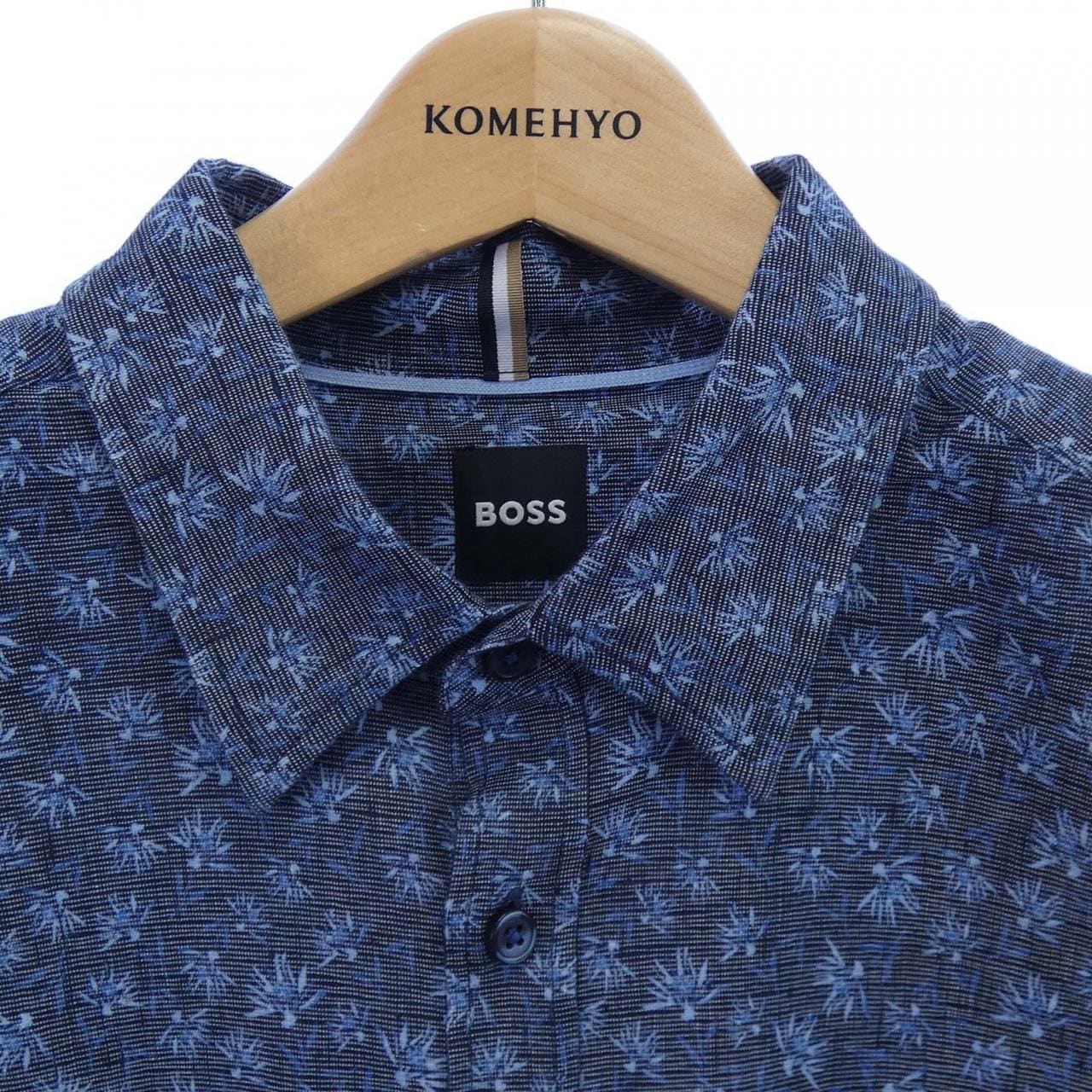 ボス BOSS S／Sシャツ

--

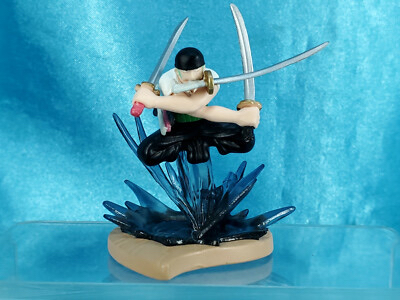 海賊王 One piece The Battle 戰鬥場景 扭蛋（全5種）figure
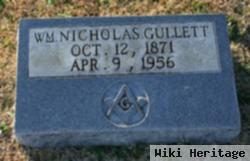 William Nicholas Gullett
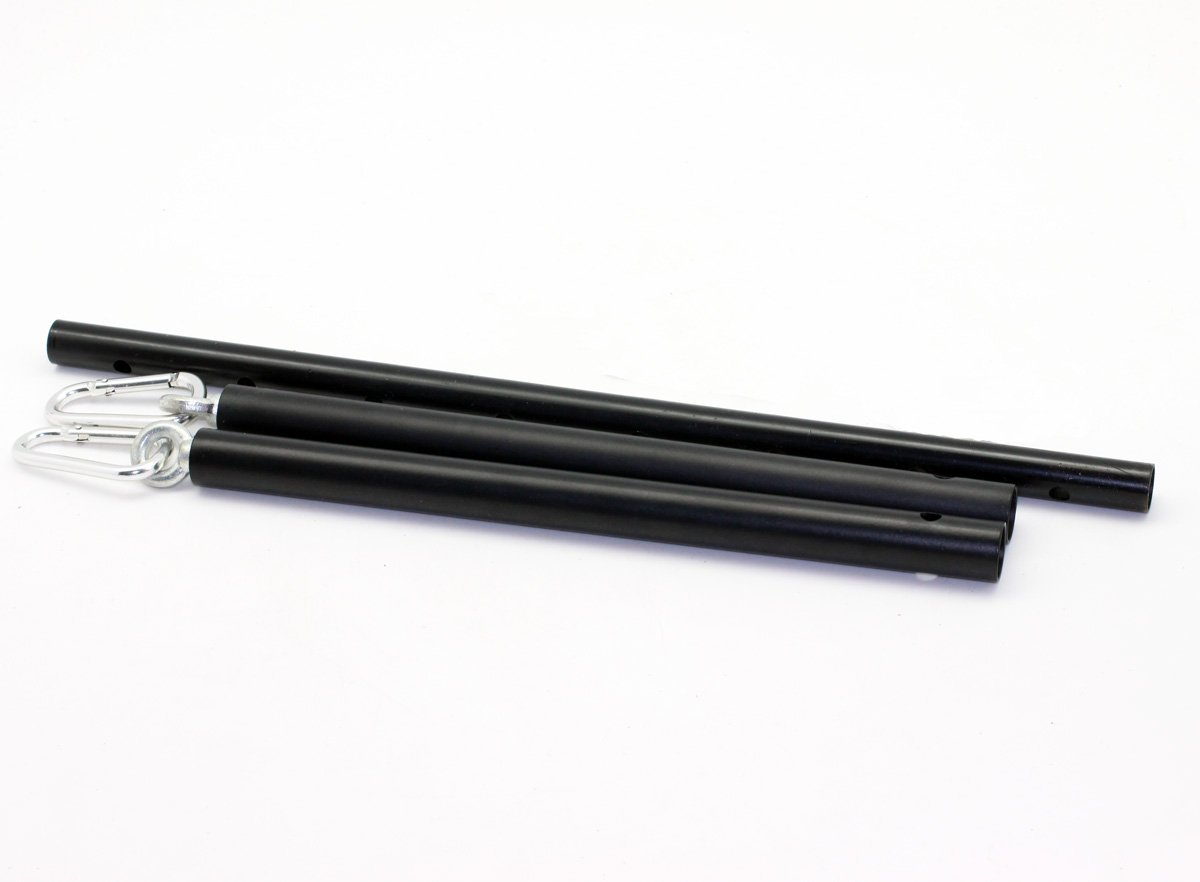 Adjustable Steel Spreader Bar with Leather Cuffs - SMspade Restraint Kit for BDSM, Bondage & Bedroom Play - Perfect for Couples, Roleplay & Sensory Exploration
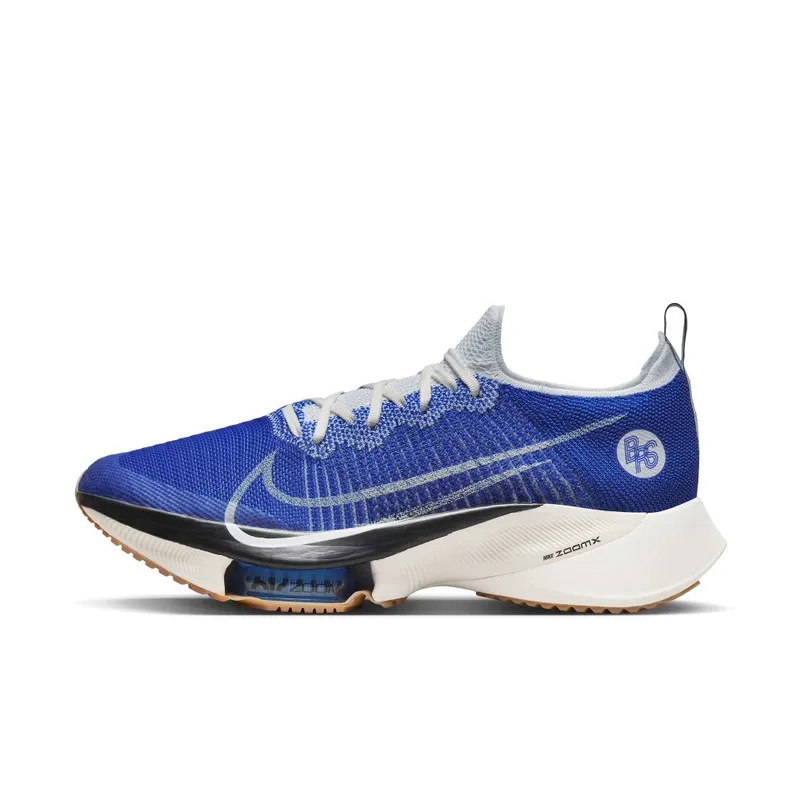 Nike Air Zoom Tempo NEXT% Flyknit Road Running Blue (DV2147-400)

...

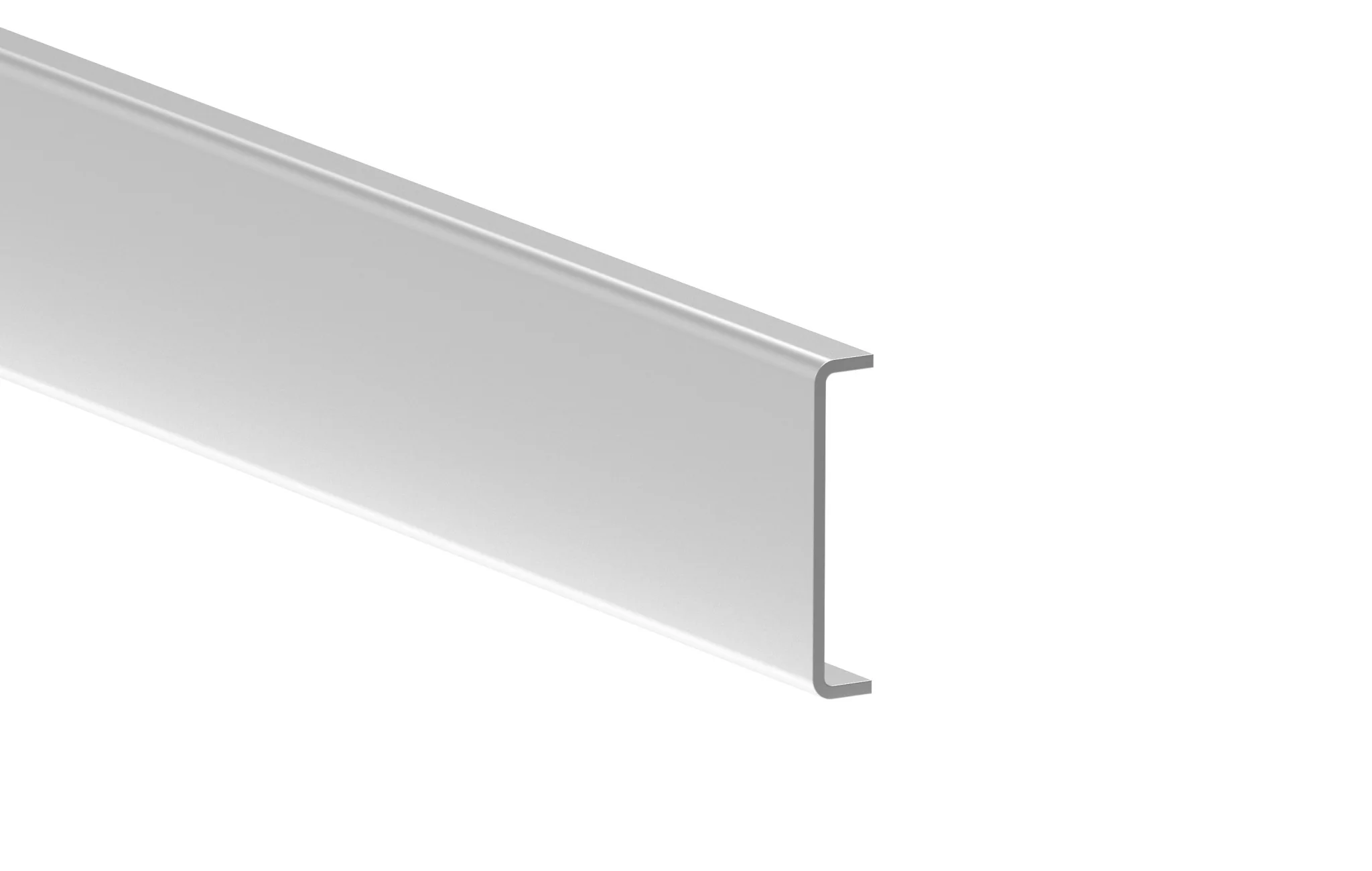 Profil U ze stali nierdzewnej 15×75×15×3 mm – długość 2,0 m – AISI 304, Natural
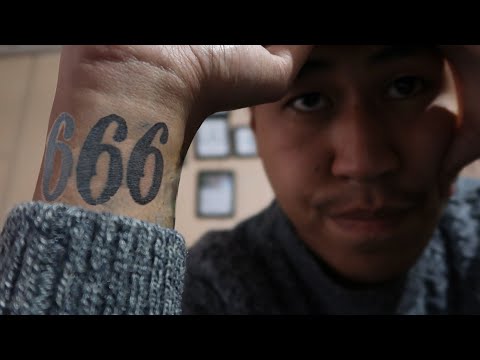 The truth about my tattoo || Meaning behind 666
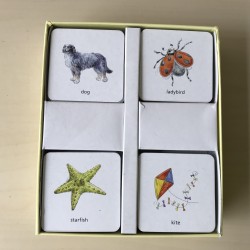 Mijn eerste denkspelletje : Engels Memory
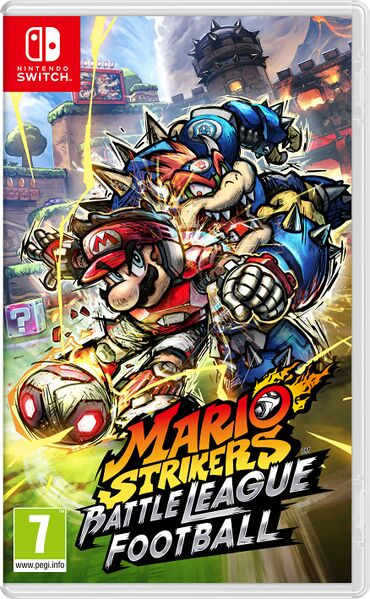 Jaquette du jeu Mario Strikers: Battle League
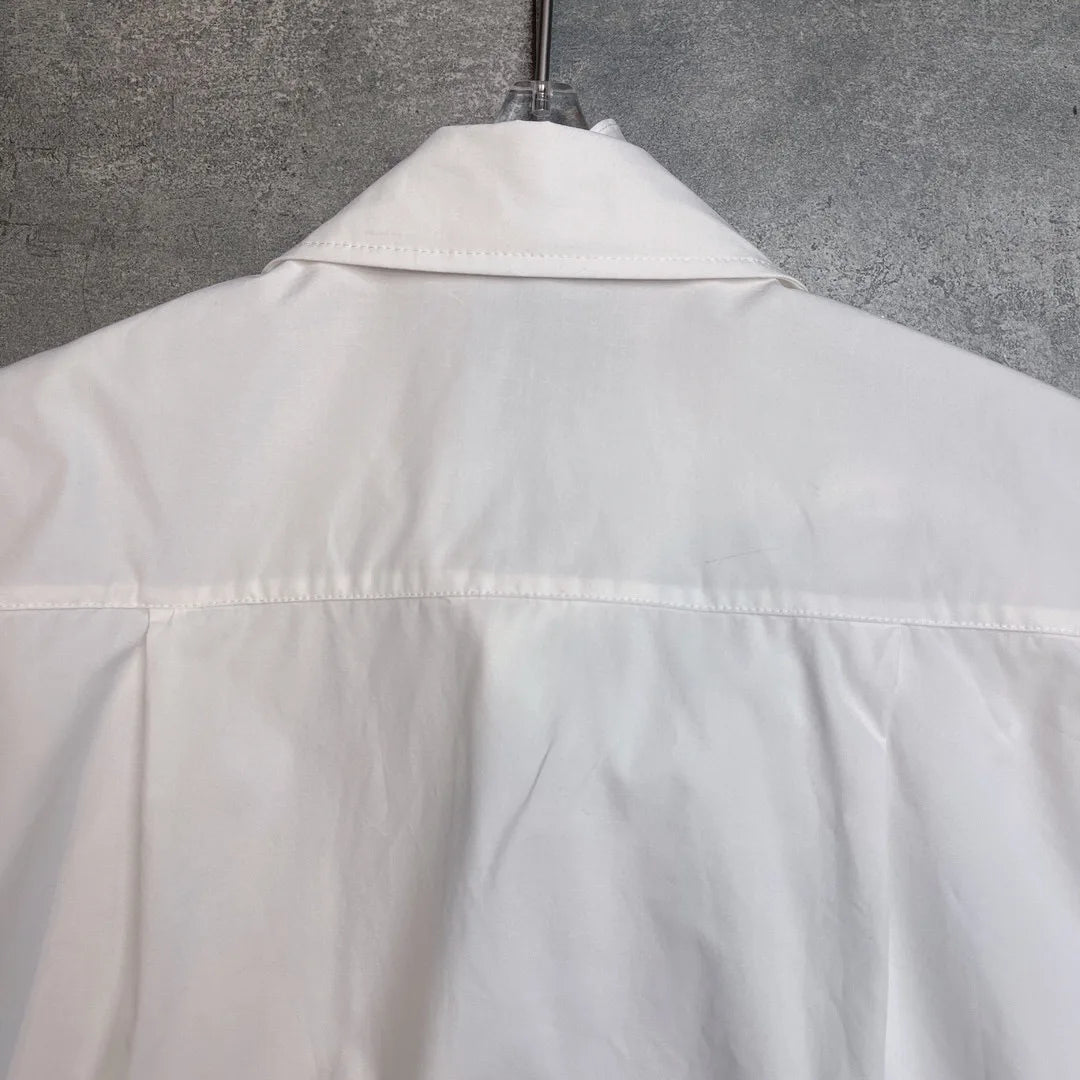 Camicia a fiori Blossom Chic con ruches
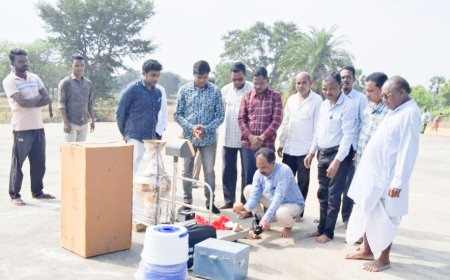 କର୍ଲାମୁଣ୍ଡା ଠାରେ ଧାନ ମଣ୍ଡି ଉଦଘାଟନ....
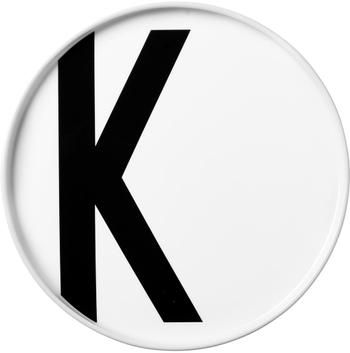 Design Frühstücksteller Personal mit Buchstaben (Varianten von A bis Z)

## What is being asked:
What you write must match the listing exactly, from the line with "କର୍ଲାମୁଣ୍ଡା ଠାରେ ଧାନ ମଣ୍ଡି ଉଦଘାଟନ...." up to and including the line with "Design Frühstücksteller Personal". Pictures stay out.

## Written solution:
 କର୍ଲାମୁଣ୍ଡା ଠାରେ ଧାନ ମଣ୍ଡି ଉଦଘାଟନ....
 Design Frühstücksteller Personal mit Buchstaben (Varianten von A bis Z)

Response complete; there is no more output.